Pickford enjoyed a career spanning five decades. A movie pioneer, she co-founded Pickford-Fairbanks Studios and United Artists, and was one of 36 founders of the Academy of Motion Picture Arts and Sciences.
Pickford was known as ‘America’s Sweetheart’, ‘The Girl with the Curls’, and ‘the Queen of Movies’. One of the earliest stars to receive billing under her own name, she enjoyed great popularity in the silent movie era of the 1910s and 1920s. In 1909 she appeared in 51 films, most of them shorts. She starred in 52 features throughout her career. However, she didn’t adapt to the arrival of sound. She said of the ‘talkies’: “Adding sound to movies would be like putting lipstick on the Venus de Milo.”

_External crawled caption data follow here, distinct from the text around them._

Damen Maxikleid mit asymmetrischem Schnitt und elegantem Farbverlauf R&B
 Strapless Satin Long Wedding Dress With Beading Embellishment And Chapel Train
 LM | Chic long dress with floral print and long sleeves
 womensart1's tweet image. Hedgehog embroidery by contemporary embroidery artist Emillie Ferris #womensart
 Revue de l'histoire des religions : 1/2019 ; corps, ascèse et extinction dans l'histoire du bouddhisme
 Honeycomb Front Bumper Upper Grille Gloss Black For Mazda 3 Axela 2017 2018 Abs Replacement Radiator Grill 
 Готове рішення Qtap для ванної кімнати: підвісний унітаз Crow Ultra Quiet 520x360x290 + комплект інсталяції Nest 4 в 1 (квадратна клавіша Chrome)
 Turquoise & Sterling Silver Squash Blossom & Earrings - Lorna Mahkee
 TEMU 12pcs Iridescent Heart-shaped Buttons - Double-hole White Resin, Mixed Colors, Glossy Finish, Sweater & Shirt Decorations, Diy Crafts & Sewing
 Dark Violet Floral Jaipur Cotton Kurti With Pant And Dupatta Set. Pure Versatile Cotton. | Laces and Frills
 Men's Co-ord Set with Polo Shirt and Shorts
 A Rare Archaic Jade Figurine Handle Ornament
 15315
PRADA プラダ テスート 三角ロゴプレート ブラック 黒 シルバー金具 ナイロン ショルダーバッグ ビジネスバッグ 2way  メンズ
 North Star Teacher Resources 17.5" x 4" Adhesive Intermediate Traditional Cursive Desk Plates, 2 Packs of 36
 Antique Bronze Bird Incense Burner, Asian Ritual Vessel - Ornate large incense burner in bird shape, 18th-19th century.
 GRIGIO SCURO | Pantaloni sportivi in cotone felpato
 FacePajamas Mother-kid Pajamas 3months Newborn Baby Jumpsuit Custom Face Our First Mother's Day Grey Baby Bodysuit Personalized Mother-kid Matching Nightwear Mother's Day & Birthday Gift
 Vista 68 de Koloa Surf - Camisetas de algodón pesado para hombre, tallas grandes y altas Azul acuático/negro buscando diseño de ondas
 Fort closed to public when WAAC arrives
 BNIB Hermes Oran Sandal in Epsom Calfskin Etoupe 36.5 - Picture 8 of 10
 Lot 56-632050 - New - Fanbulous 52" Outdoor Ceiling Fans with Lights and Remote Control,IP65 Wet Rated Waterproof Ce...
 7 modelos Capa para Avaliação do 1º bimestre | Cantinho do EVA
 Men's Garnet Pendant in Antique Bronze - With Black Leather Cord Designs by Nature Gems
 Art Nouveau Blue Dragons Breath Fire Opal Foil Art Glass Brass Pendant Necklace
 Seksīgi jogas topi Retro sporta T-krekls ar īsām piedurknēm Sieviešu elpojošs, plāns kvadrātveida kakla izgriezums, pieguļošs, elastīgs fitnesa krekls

Pickford received the Academy Award for Best Actress in 1929 for her role in Coquette. An astute businesswoman and producer, she switched her focus to life behind the camera four years later. When she sold her shares in United Artists in 1956 she netted $3mn, nearly $34mn in today’s terms.
Pickford married three times. First, to Owen Moore, a silent film actor and alcoholic. Second, most famously, to Douglas Fairbanks. Their ‘marriage of the century’ took place in 1920, after a clandestine relationship. They became the ‘King and Queen of Hollywood’. Her third marriage was to actor and band leader Charles ‘Buddy’ Rogers, star of 1927’s Wings, first winner of the Academy Award.
Along with her talent, Pickford enjoyed a fair slice of good fortune. But for all her success she endured dark moments, especially later in life when depression set in and she turned to alcohol.
By the thousands, people arrived in early Hollywood with a dream. Only the very lucky left with their dreams still intact.